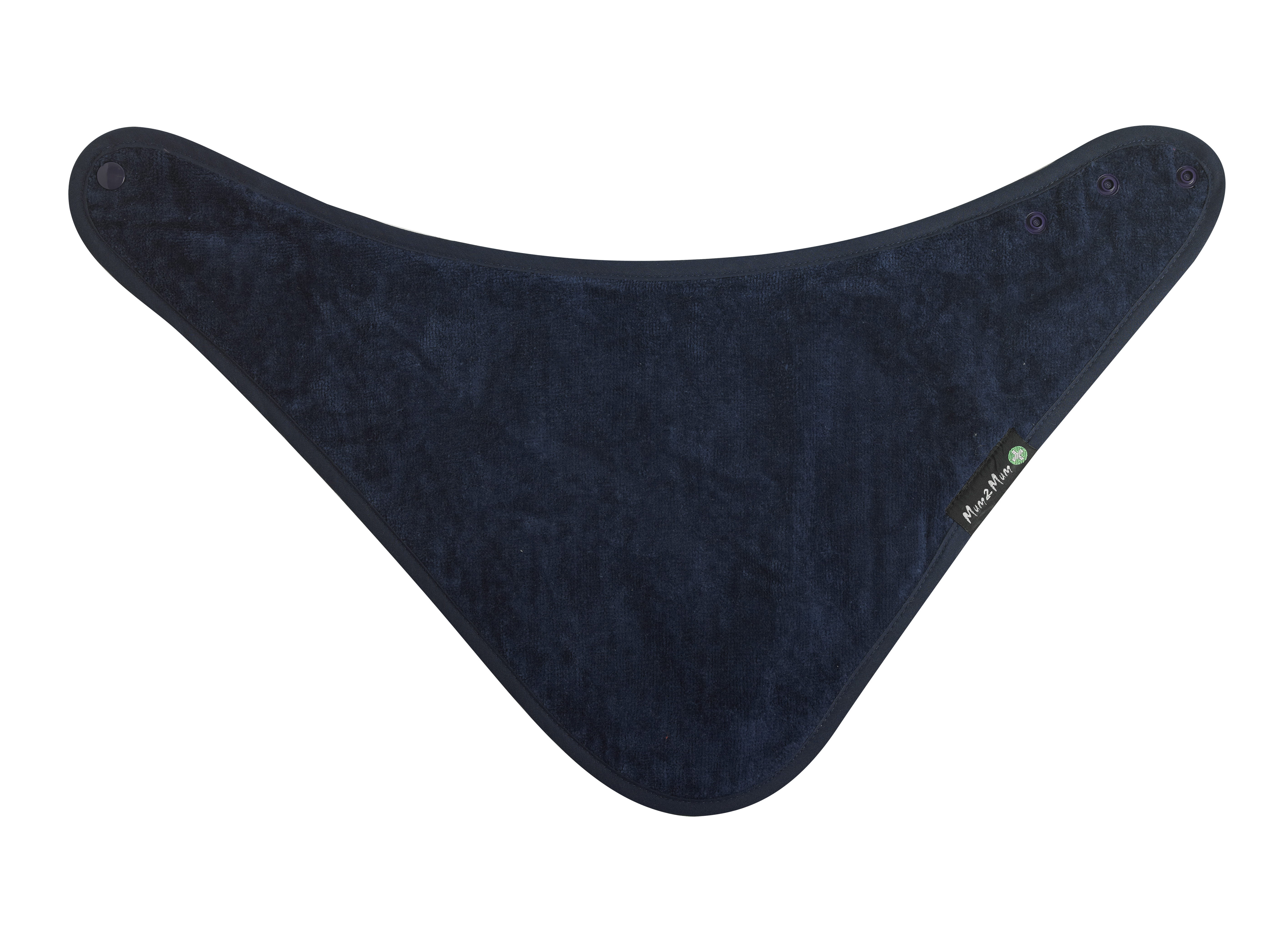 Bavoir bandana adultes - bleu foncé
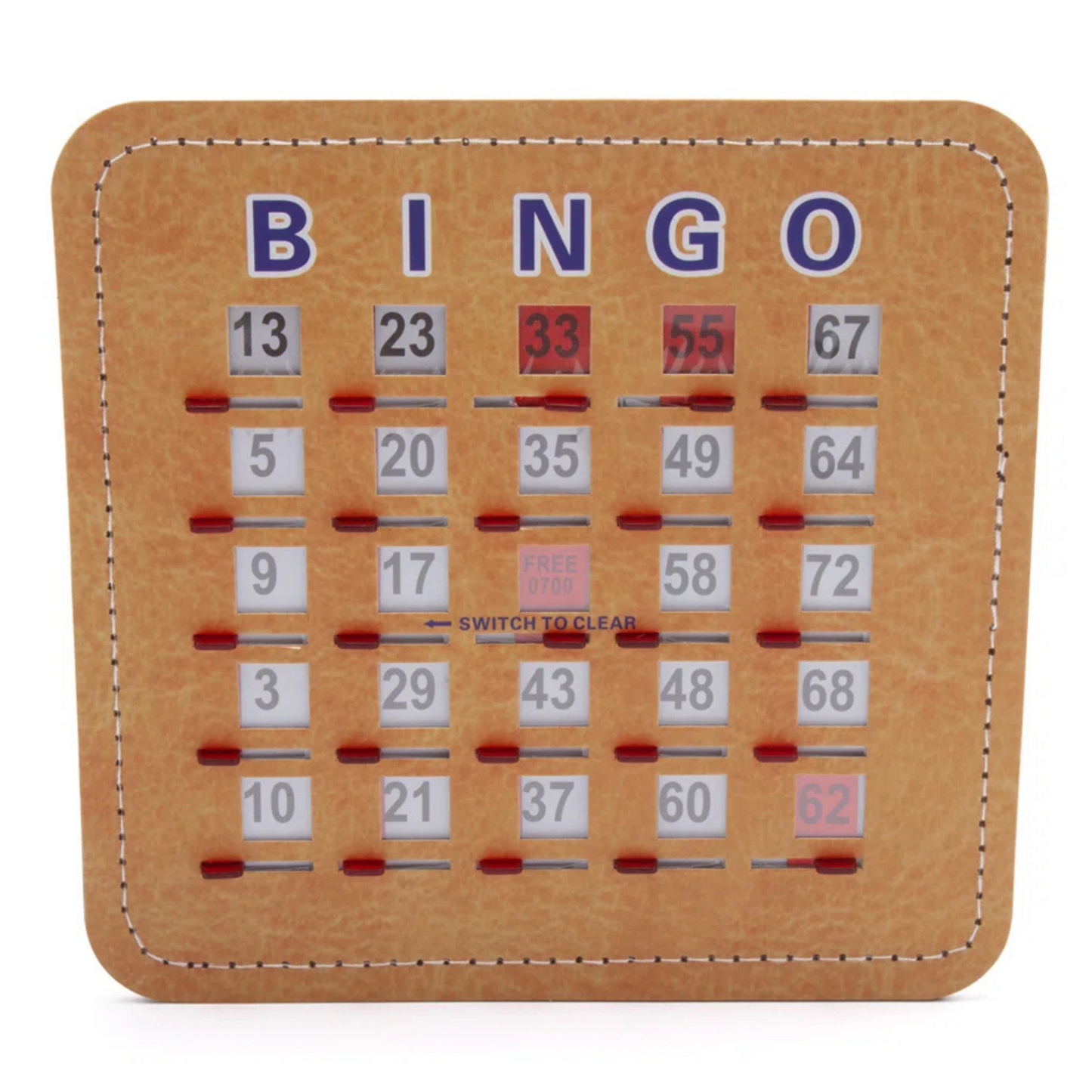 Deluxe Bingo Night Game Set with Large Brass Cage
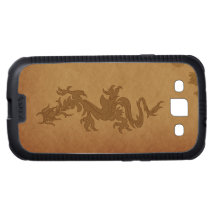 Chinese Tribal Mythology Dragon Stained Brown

= = =

Take the data above and repeat it exactly, leaving each picture out.

Exercise response
 Bavoir bandana adultes - bleu foncé
 Deluxe Bingo Night Game Set with Large Brass Cage
 Chinese Tribal Mythology Dragon Stained Brown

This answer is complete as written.